In North Attleboro, townies call it “The Chronicle.”
There’s a good reason for that. For more than eight decades, the two communities were served by two daily newspapers: The Attleboro Sun and The Evening Chronicle.
That seems impossible today, in an era when America has lost about 400 daily papers. But two neighboring communities with a combined population of about 40,000 people supported two independent daily newspapers from the late 1880s until the early 1970s.
And then, on March 1, 1971, The Sun Chronicle was born.
For the next few weeks to mark the 50th anniversary of this news organization, I’ll be reviewing the history of The Sun Chronicle. As many of you know, I’m an insider, spending 37-plus years at 34 South Main St., Attleboro, as reporter, editor and, for my last 12 years, editor-in-chief.
The merger of The Attleboro Sun and The Evening Chronicle came entirely by chance.
In 1969, Howard Brown and Eugene Schulte, publisher and general manager, respectively, of the Kenosha News in that mid-sized Wisconsin city that became infamous last summer, traveled to Massachusetts to investigate the purchase of three small daily newspapers north of Boston. Brown’s family owned a small media company, United Communications Corp., interested in expanding its holdings.
While they were in the region, Brown and Schulte called up a fellow Midwesterner they knew, Guy DeVany, publisher of The Attleboro Sun. If that deal falls through, DeVany told them over dinner, give me a call. The owners here may be interested in selling.
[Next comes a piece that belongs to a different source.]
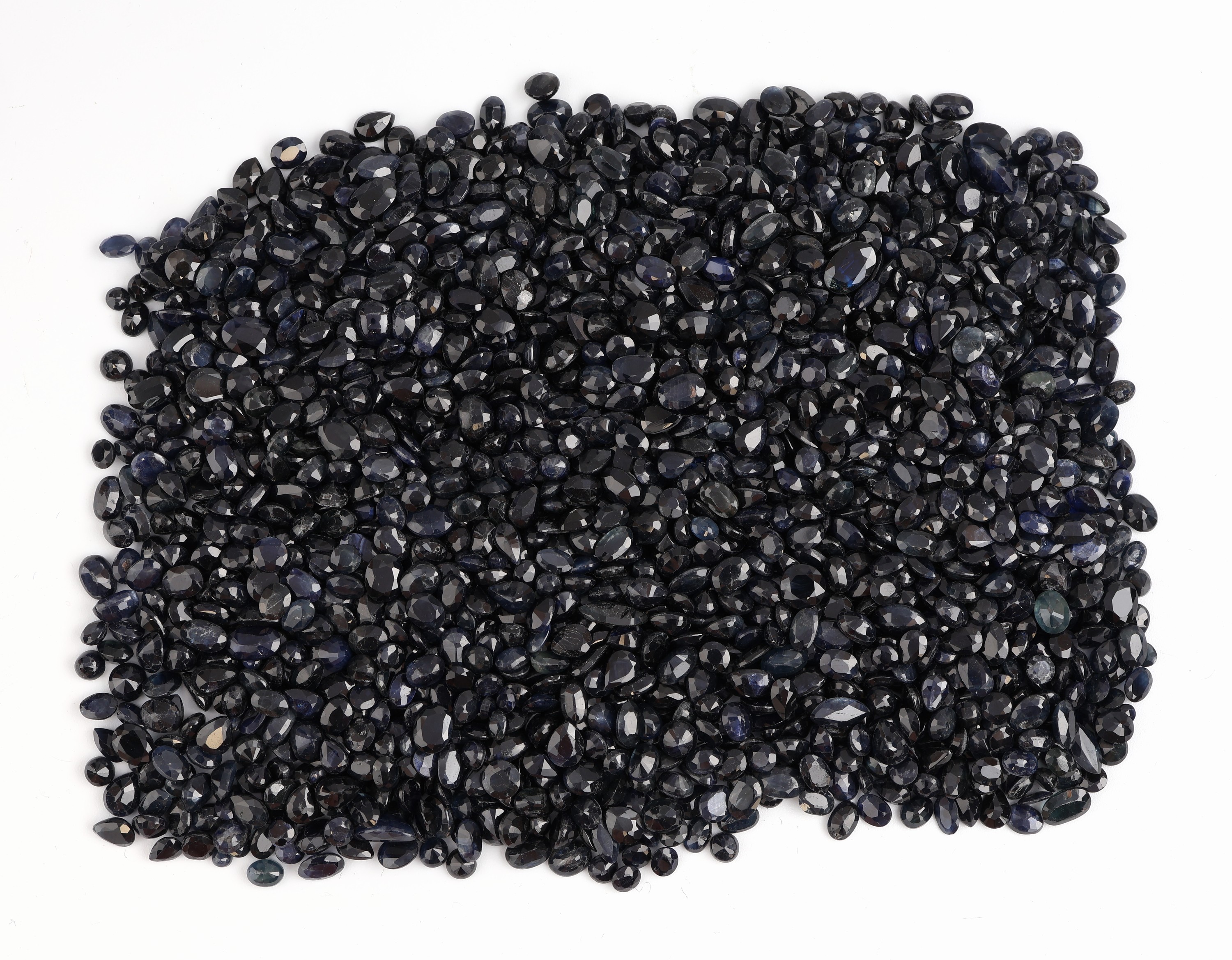 Lot lose Saphire, ca. 424.00 ct, versch. Schliffformen, Größen und Farbnuancen, Ausfassware, teilw. besch.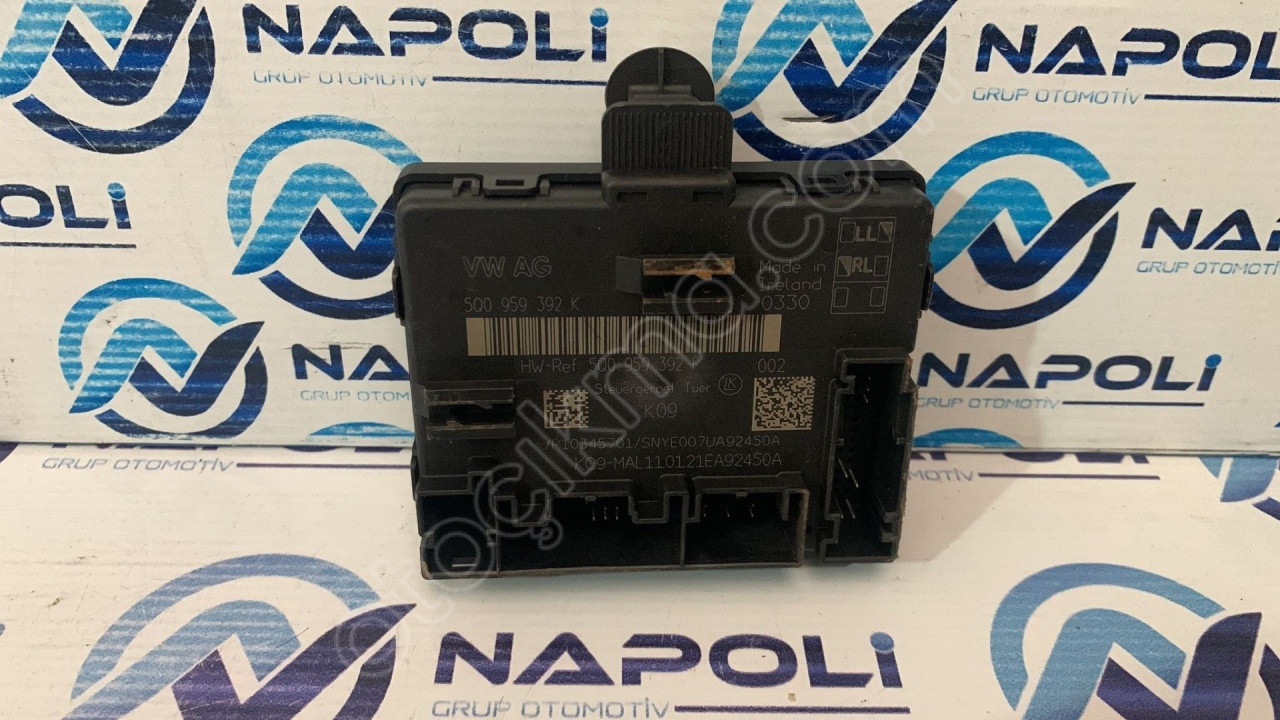 5Q0959392K A3 Q2 Q3 GOLF KAPI BEYNİ 2017/2023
The Sun at that time was owned by 15 local business owners, none of whom were particularly interested in newspapering. DeVany found it difficult to manage the company while serving more than a dozen masters.
In just a short time, United Communications became the new owner of Attleboro’s daily.
Then, before 1969 was over, The Evening Chronicle came up for sale.
Since the 1920s, North Attleboro’s daily had been owned primarily by Joseph W. Martin, the former congressman and speaker of the U.S. House, who also served as the newspaper’s publisher and editor. The paper’s day-to-day operations were handled by Martin’s brothers, Charlie and Edward.
After Joe Martin died in March 1968, the family put the paper on the market — and immediately attracted attention. Interest was keen from The Evening Times of Pawtucket and a group associated with The Providence Journal, both of whom were interested in expanding into Massachusetts.
Brown’s family quickly made a generous offer, which was accepted. It was, DeVany said years later, “the single most important decision” the paper ever made.
After about a year of publishing separately, United Communications decided to merge the newspapers in early 1971, moving all operations to The Sun’s home in downtown Attleboro and closing The Chronicle’s Church Street office.
The merger provided an improved product, a strong front against competition and an end to a costly duplication of equipment and services.
The Sun Chronicle was chosen for the name, DeVany was named publisher, Paul Rixon, publisher of The Chronicle, became general manager, and Sun editor Clarence Roberts became editor-in-chief.
That company is still the news leader for the two communities and eight surrounding towns half a century later.